Sempre que dirigia sozinha naquele lugar sentia uma pressão bem na boca do estômago. Ainda mais neste horário em que as trevas já dominavam aquela cidade violenta. Ao longo da avenida, a iluminação amarelada insuficiente criava sombras assustadoras e escondia os buracos no asfalto precário. A paisagem variava em tons de desolação marrom e cinza e poças sujas. Não havia qualquer sinal de vegetação, já que, provavelmente, teria sido arrancada já há muito tempo para dar espaço à decadência árida e cinza. Os postes envergados sofriam com o peso da grossa fiação prestes a cair sobre a calçada.

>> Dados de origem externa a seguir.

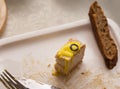 A piece of fish cake  lies on a plate with a slice of brown bread Royalty Free Stock Photo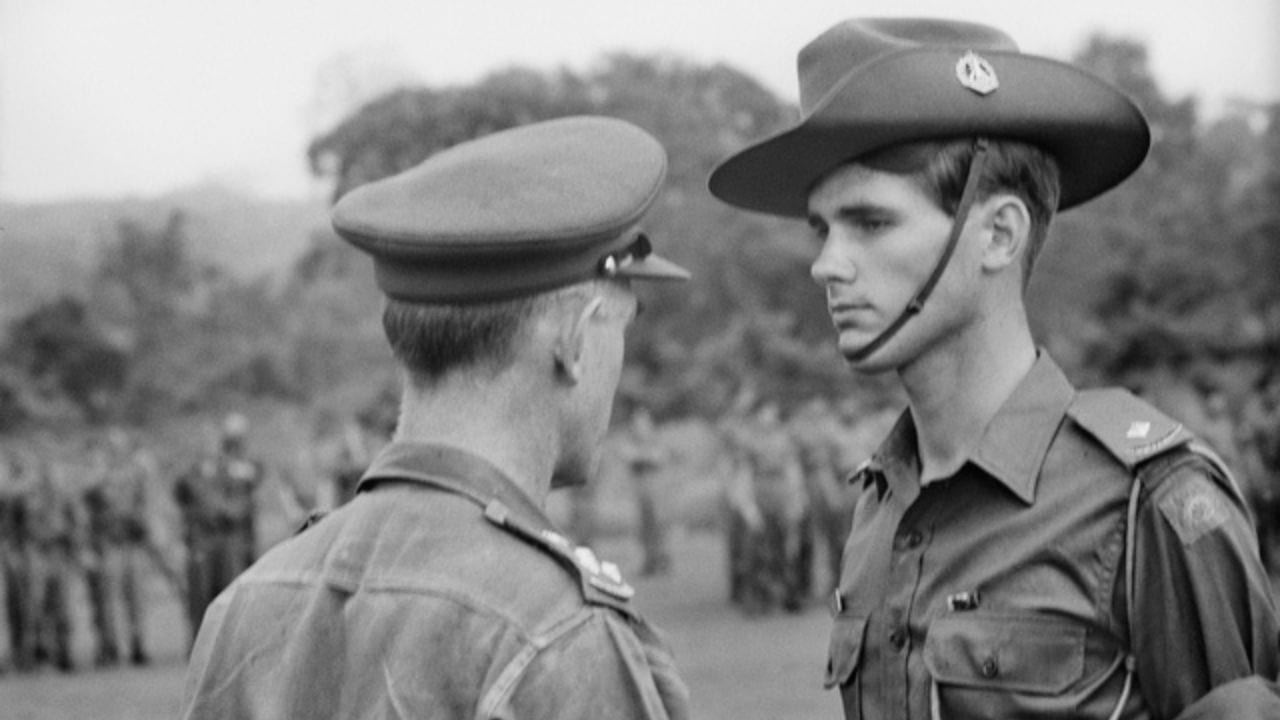 2nd Lieutenant Dave Sabben receiving his Mentioned in Despatches from Task Force Commander Brigadier Oliver Jackson.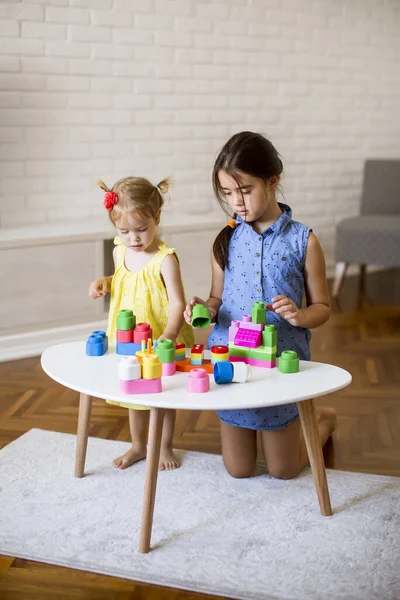 Two Cute Little Girls Play Blocks Table Room — Stock Photo, Image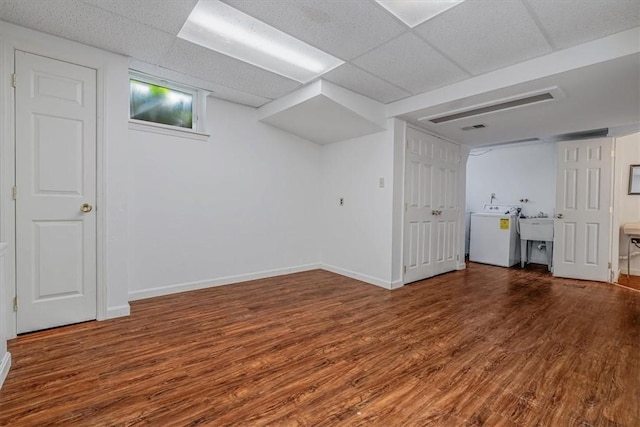 200 Spartan Dr, Bethel Park, PA 15102 - finished below grade area featuring washer / clothes dryer, wood finished floors, baseboards, and a sink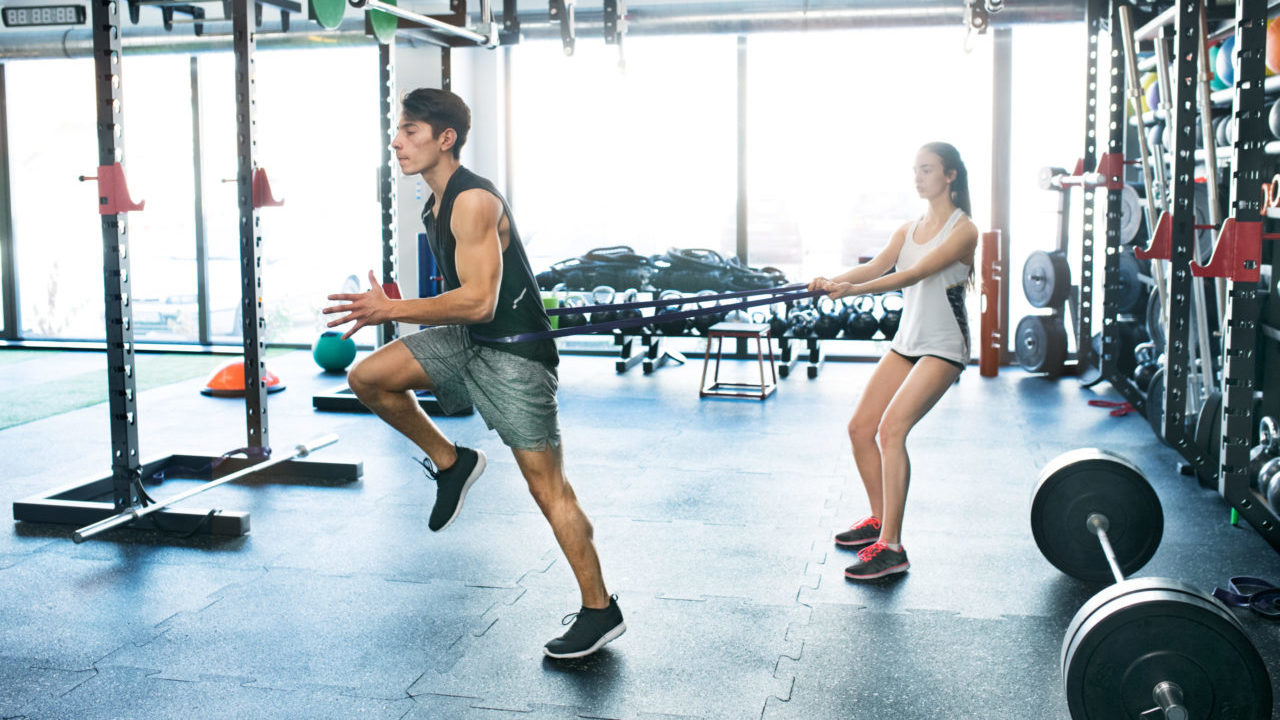 Strong man using a resistance band in his exercise routine.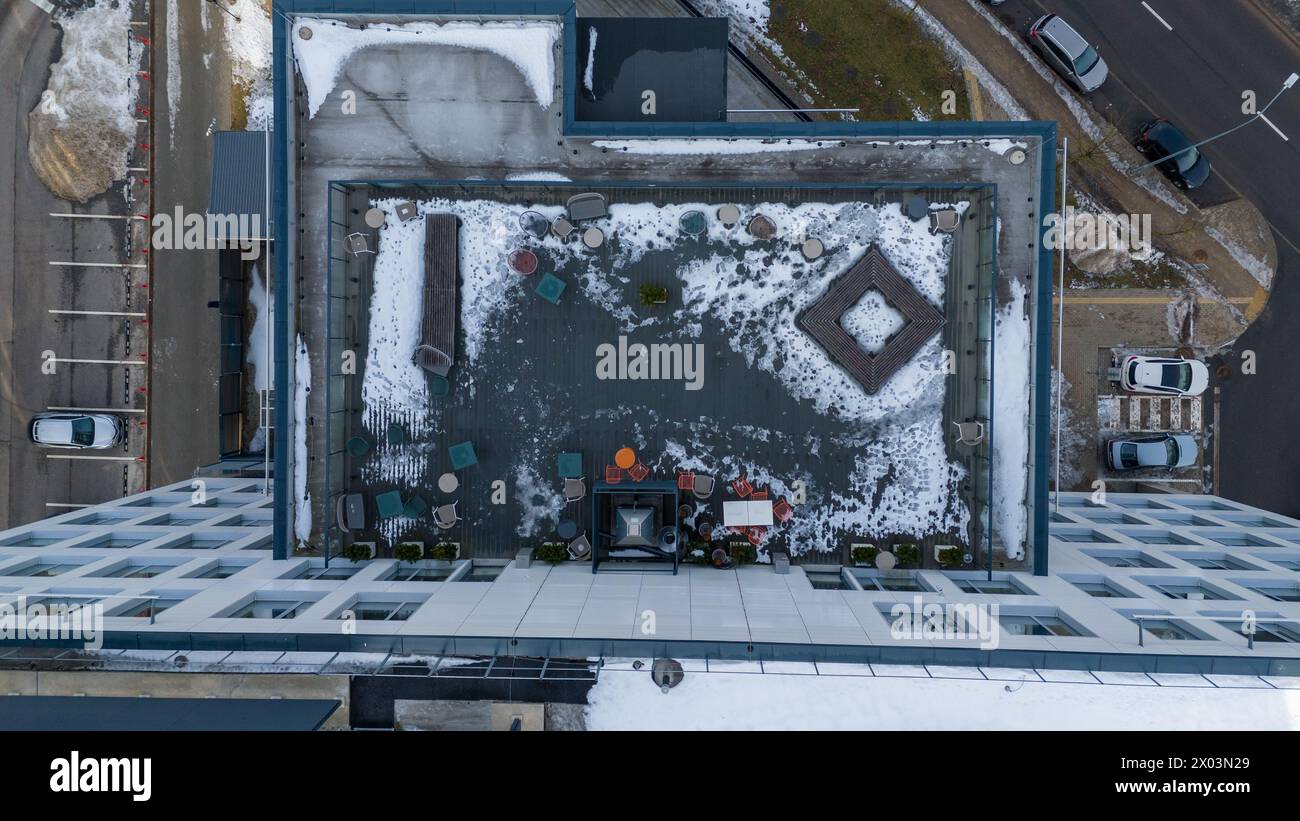 Photographie par drone de terrasse sur le toit dans un immeuble de bureaux couvert par la neige pendant la journée ensoleillée d'hiver Banque D'Images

Os outdoors esquecidos nos prédios abandonados estampavam imagens desconexas: um pedaço de rosto, um meio sorriso ou só uma sílaba da mensagem. Os pedestres tensos e apressados pareciam idênticos imersos na fumaça dos carros e poeira de asfalto. Os motoristas forçavam o limite da prudência numa fuga constante de um perigo oculto que pairava no ar. Não se ouviam vozes, só o canto dos pneus, o ronco dos motores, buzinas e sirenes.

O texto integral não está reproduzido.